Trish Adora laments that she remains “generally fairly frustrated with the treatment of black wrestlers. There’s a depth to the black experience, and it doesn’t always get portrayed in a positive light.”

Holidead struggles with the fact that “just because you work hard, it doesn't mean that hard work will be rewarded. Like any business, there are always politics at play.”

Meanwhile, mainstream wrestling promotions don't seem entirely happy with EVE's success. “WWE can cause us problems,” Emily muses. 

 “It’s like we’re allowed to do so much,” Dann explains, “but if we get too big for our boots, they’ll shut us down…” 

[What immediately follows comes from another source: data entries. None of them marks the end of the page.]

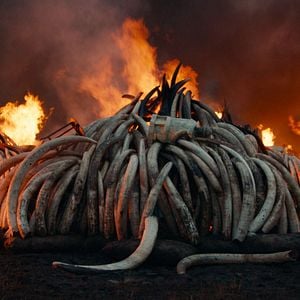 Foto Anthropocene: The Human Epoch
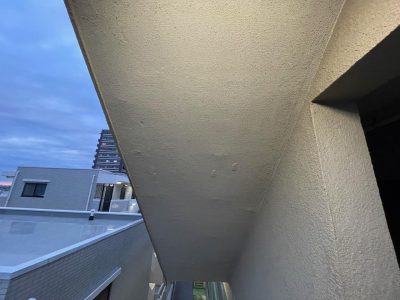 image1_2.jpeg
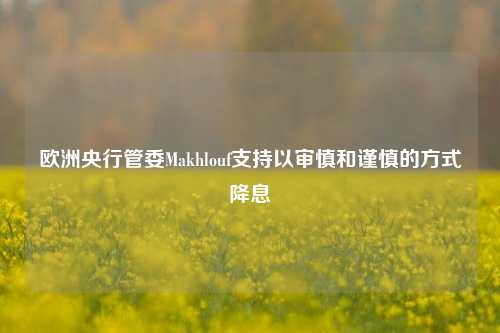 欧洲央行管委Makhlouf支持以审慎和谨慎的方式降息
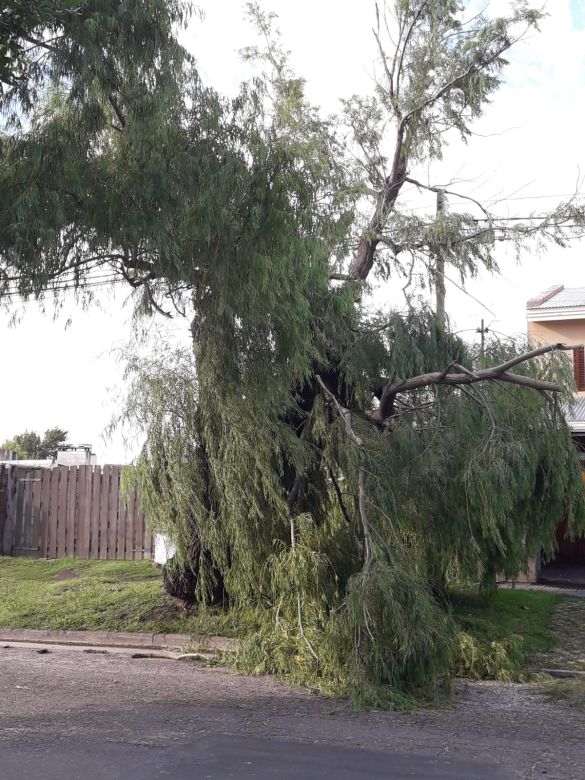 Río Cuarto y la región afectadas por las graves consecuencias del paso de la tormenta de viento y agua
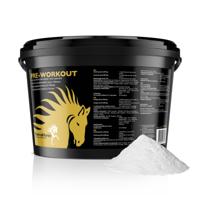 Pre workout paard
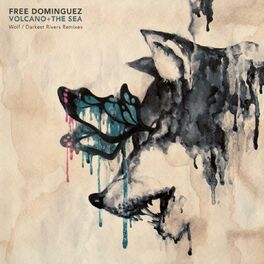 Album cover of Wolf / Darkest Rivers Remixes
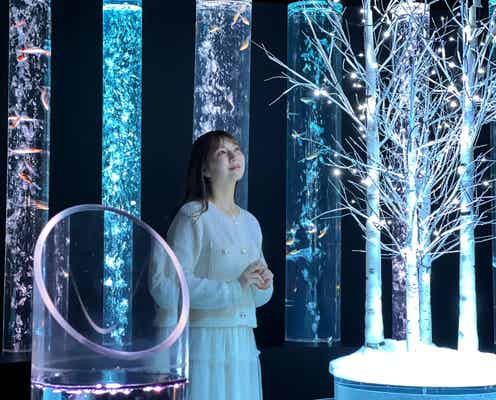 アートアクアリウム美術館で冬の企画展「金魚と幻想の銀世界」室内空間で冬景色を表現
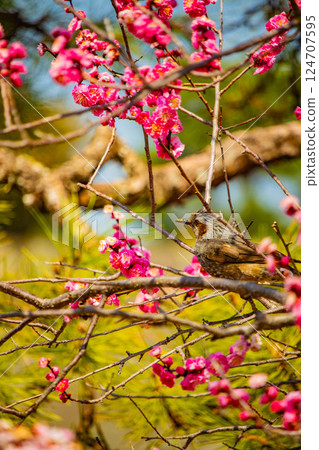 【京都風光】二條城-天守閣附近盛開的紅白梅花 【京都風光】二條城-天守閣附近盛開的紅白梅花 124707595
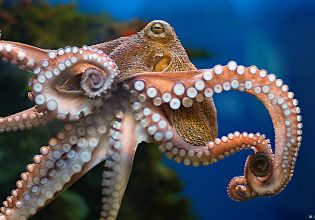 Γιατί δεν πρέπει να τρώμε πια χταπόδια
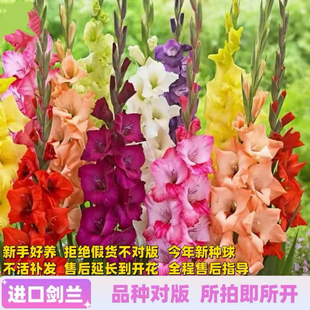 进口剑兰种球唐菖蒲花苗多年生四季开花卉盆栽地栽切花球根绿植物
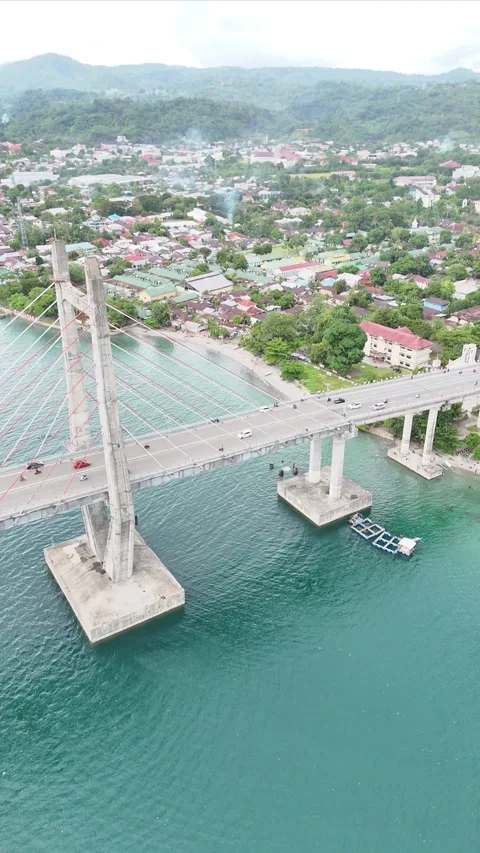 Vertical aerial video bridge Stock Footage 304447585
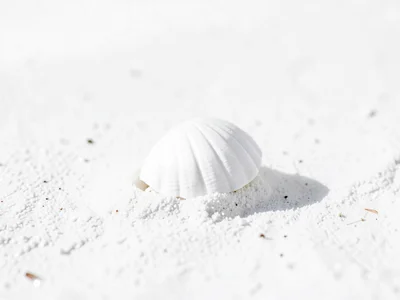 White shell on white sand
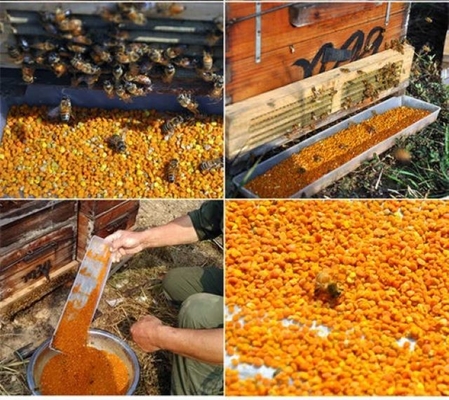 Wholesale Bulk Fresh Organic Tea Pollen Bee Farm Directly Supply High Quality Natural Tea Bee Pollen Granules
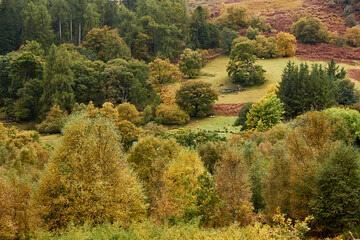 Autumn tree colour 3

Jayla Dark's final show wrestling
Photography by Yaz Narcin

One night I attend the final match for Scottish wrestler Jayla Dark (above) before her retirement. As the bout finishes there’s a roar from the upstairs balcony, where performers await their moment on stage. They run down to embrace her, some laughing, some crying, now dressed in comfy tracksuits instead of colourful spandex. And in a moment these women are transformed from their characters, with their rivalries, and their bravado, into sisters. 

“I wanted to build a platform where women could be safe and reach their potential—and we did,” Emily gushes. “But for some reason, I didn’t expect the community… and it’s beautiful. We built a family.”